Let $u=x^2$ and $v=e^{x^2}$, then using formula $(uv)'=u'v+v'u$ we get

$$f'(x)=(x^2)'e^{x^2}+(e^{x^2})'x^2=2xe^{x^2} + 2x^3 e^{x^2}$$

where we use chain rules to evaluate $\displaystyle \frac{d(e^{x^2})}{dx}=\frac{d(e^{u})}{du} \cdot \frac{du}{dx}$.

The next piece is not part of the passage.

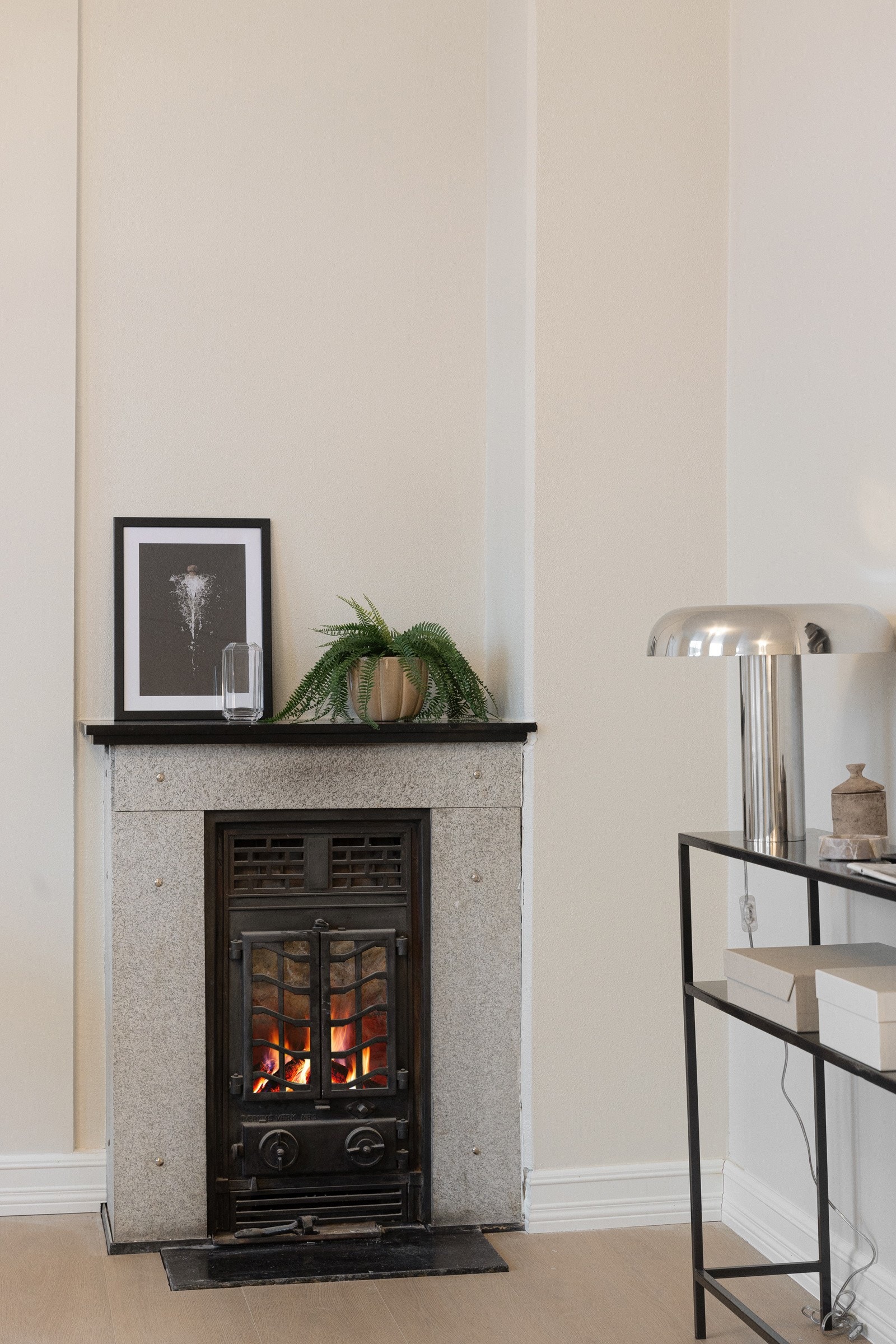 Rommet har også en klassisk peis som tilfører varme på kalde dager. Galleribilde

Since $\displaystyle f'(x)=2xe^{x^2} + 2x^3 e^{x^2}$, taking the anti-derivative both of sides we get $$\begin{align} \int f'(x)\,dx&=\int 2xe^{x^2}\,dx+\int2 x^3 e^{x^2}\,dx\\f(x)+C_1&=2\int e^u\,\frac{du}{2} + 2\int x^3 e^{x^2}\,dx\\ x^2e^{x^2} + C_1 &= e^u + C_2 + 2\int x^3 e^{x^2}\,dx\\2\int x^3 e^{x^2}\,dx&=x^2e^{x^2}-e^{x^2} + C_3\\ \int x^3 e^{x^2}\,dx&=\frac{x^2e^{x^2}}{2}-\frac{e^{x^2}}{2} + C\\&= \frac{e^{x^2}}{2} (x^2-1)+C \end{align}$$ where $C_3=C_1-C_2$ and $C=\frac{C_3}{2}$.

Answer 4

$$f'(x)= 2xe^{x^2} + 2x^3 e^{x^2}$$ tells you that $$f(x)= \int(2xe^{x^2} + 2x^3 e^{x^2})\,dx= 2\int xe^{x^2}\,dx + 2\int x^3 e^{x^2}\,dx.$$ You are requested to evaluate$$\int x^3 e^{x^2} \, dx,$$ so you are now missing the expression of $$\int xe^{x^2}\,dx.$$ The latter integral isn't so difficult, as you can observe that the factor $x$ is the derivative of the argument of the exponential, so $$\int xe^{x^2}\,dx=\frac12e^{x^2}.$$ Now, $$2\int x^3 e^{x^2} \, dx=f(x)-2\int xe^{x^2}\,dx.$$